The dataset contains measurements of iris flowers including:
-
Sepal Length
-
Sepal Width
-
Petal Length
-
Petal Width
-
Species
The three species are:
-
Setosa
-
Versicolor
-
Virginica
In this visualization, we compare petal length across these species.
🧠 Python Code
import seaborn as sns
import matplotlib.pyplot as plt
from sklearn.datasets import load_iris
import pandas as pd
# Load dataset
iris = load_iris()
# Create dataframe
df = pd.DataFrame(iris.data, columns=iris.feature_names)
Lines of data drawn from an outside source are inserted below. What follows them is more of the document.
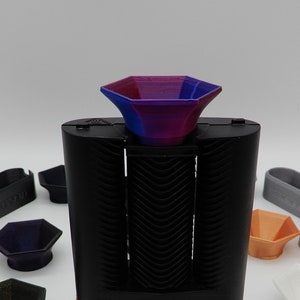 Könnte beinhalten: Ein schwarzer elektronischer Vaporizer mit einem digitalen Display und orangefarbenen Akzenten. Der Vaporizer hat ein lila-blaues Mundstück und ist von verschiedenen farbigen, sechseckigen Accessoires umgeben.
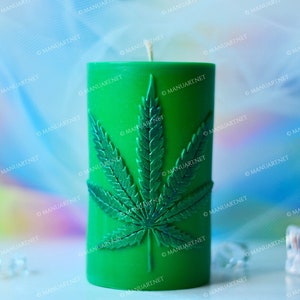 Può includere: Candela a pilastro verde con un designo in rilievo dettagliato di una foglia di marijuana. La candela è su una superficie bianca con uno sfondo sfocato di colori iridescenti.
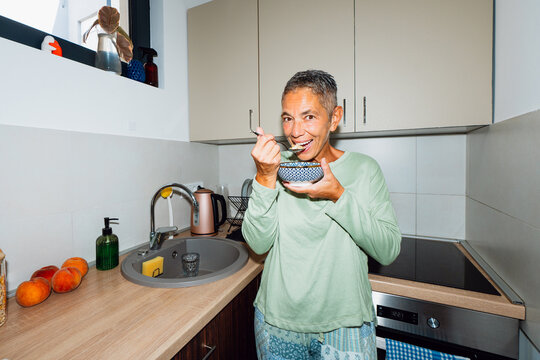 Eating from a bowl at home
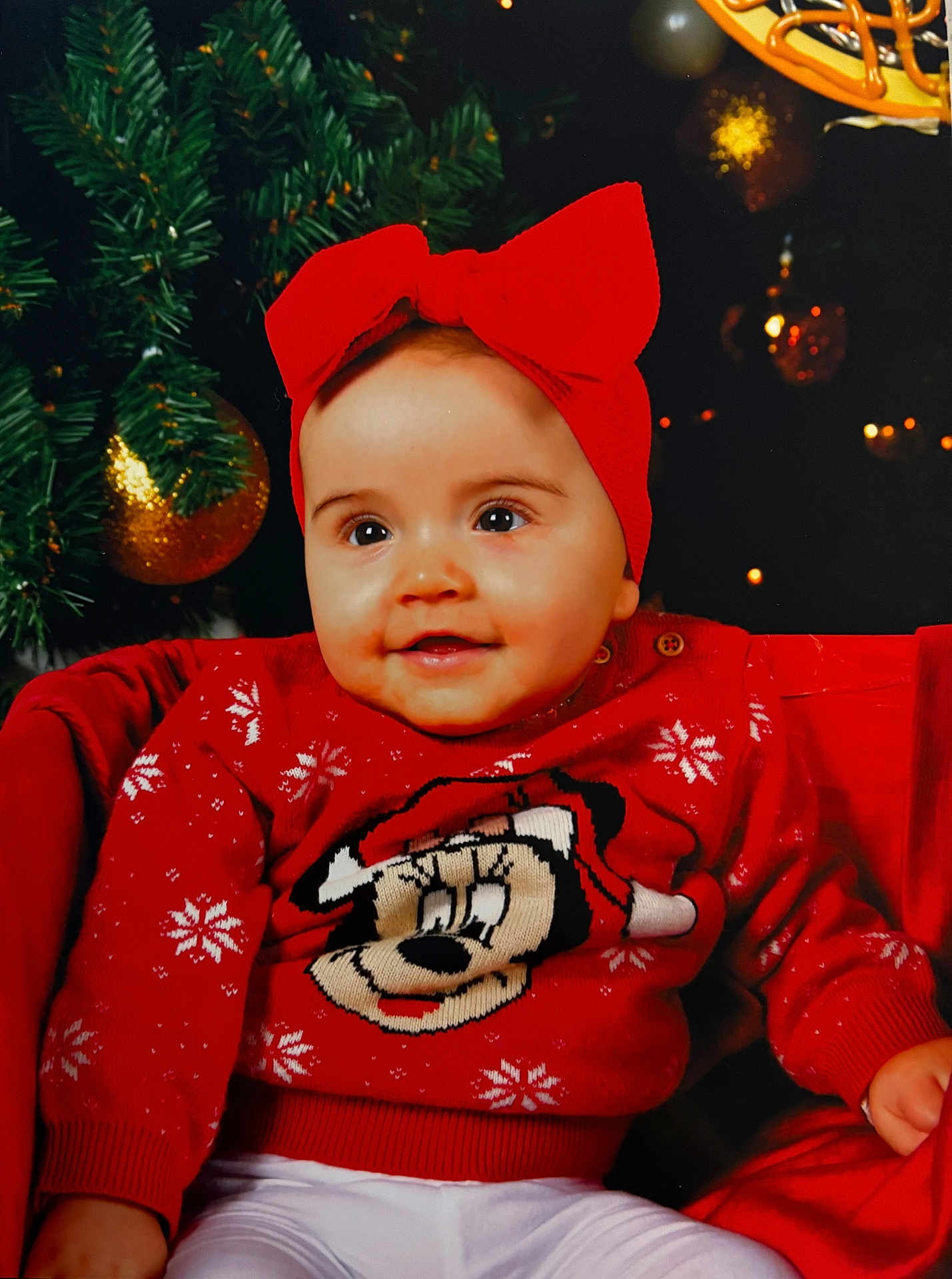 Ambre participe au concours pour gagner de l'argent avec cette photo : baby, celebration, child, christmas_tree, cute, decoration, festive, happy, headband, holiday, indoor, ornaments, person, portrait, red_bow, red_sweater, seasonal, sitting, smiling, white_pants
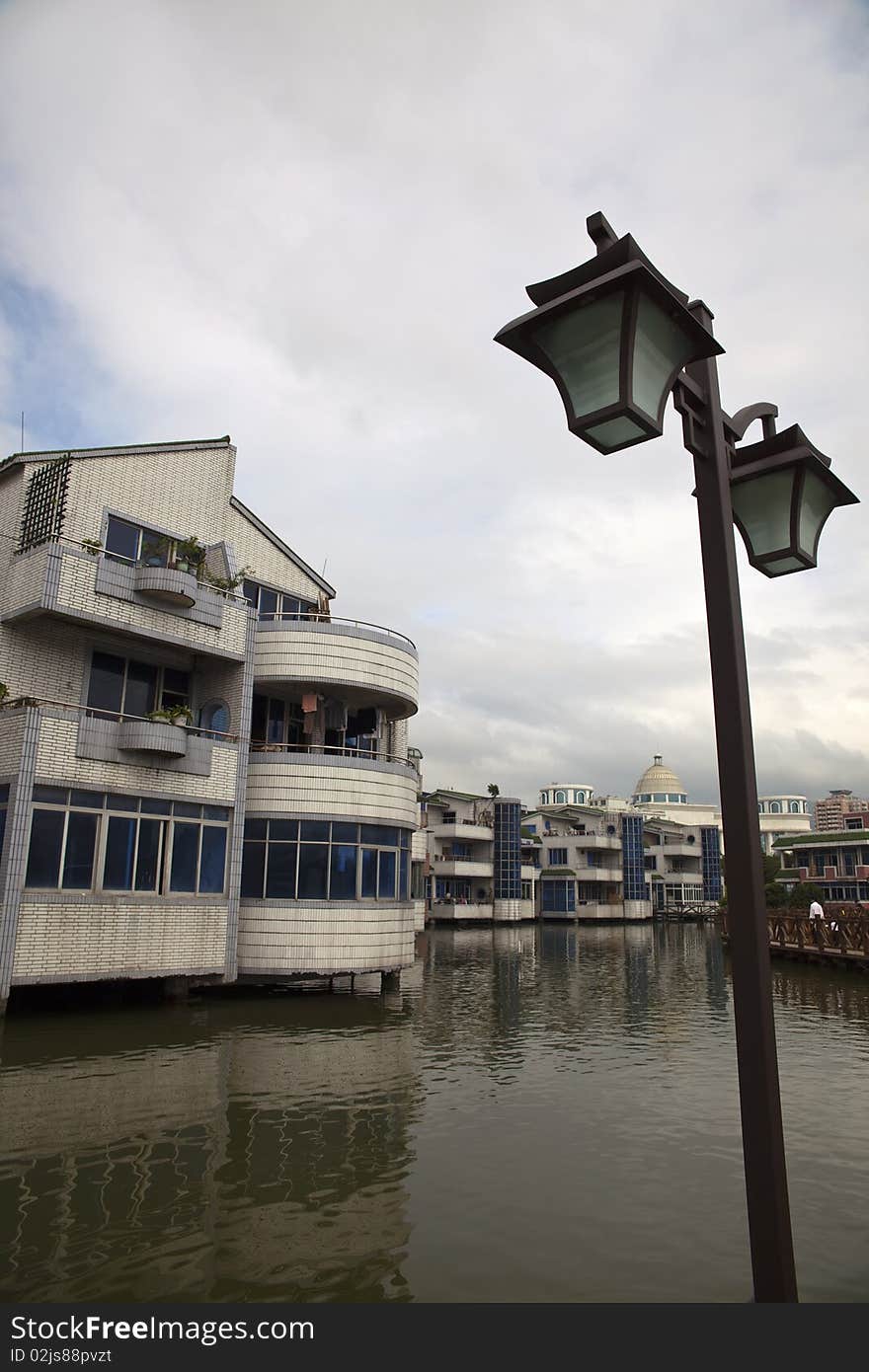 Lamps And Houses On Water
df["Species"] = iris.target_names[iris.target]
# Create Beeswarm Plot
plt.figure(figsize=(8,5))
sns.swarmplot(data=df, x="Species", y="petal length (cm)")
# Title
plt.title("Beeswarm Plot: Petal Length by Species")
plt.tight_layout()
plt.show()
🔍 Code Explanation
1️⃣ Import Libraries
We import the required libraries:
-
Seaborn → for statistical visualizations
-
Matplotlib → for plotting
-
Scikit-learn → to load the Iris dataset
-
Pandas → for data manipulation
2️⃣ Load the Dataset
iris = load_iris()
This loads the iris dataset from scikit-learn.
3️⃣ Create a DataFrame
df = pd.DataFrame(iris.data, columns=iris.feature_names)
We convert the dataset into a pandas DataFrame for easier handling.
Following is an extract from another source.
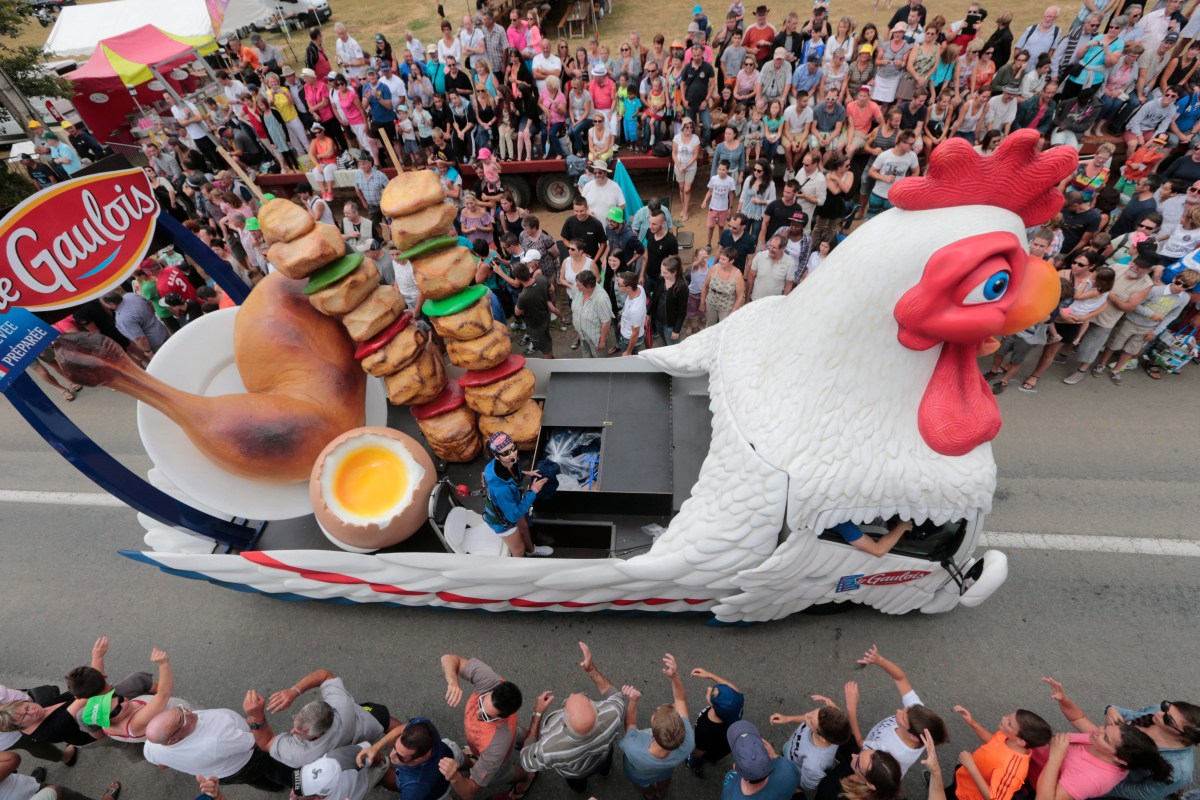 Caravan passes through Tour de France as spectators watch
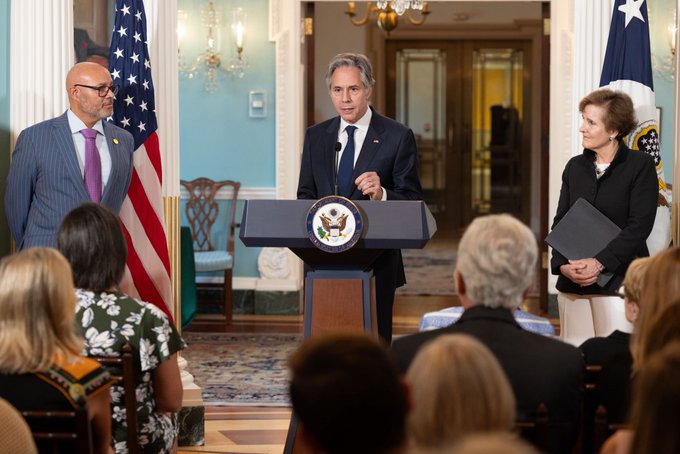 Secretary Blinken speaks while standing at a lectern, while a family member of former Secretary Albright and a family member of former Secretary Powell stand at on both sides.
Then we add the species column:
df["Species"] = iris.target_names[iris.target]
4️⃣ Create the Beeswarm Plot
sns.swarmplot(data=df, x="Species", y="petal length (cm)")
This line creates the beeswarm plot where:
-
x-axis → flower species
-
y-axis → petal length
-
Each dot represents one observation
The swarm algorithm spreads points horizontally to avoid overlap.
5️⃣ Add Title and Display
plt.title("Beeswarm Plot: Petal Length by Species")
plt.show()
This adds a chart title and displays the plot.
📈 What Insights Can We See?
From the beeswarm plot:
-
Setosa flowers have small petal lengths
-
Versicolor has medium petal lengths
-
Virginica generally has larger petals
The plot clearly shows distinct clusters for each species, which is why the Iris dataset is often used for classification problems in machine learning.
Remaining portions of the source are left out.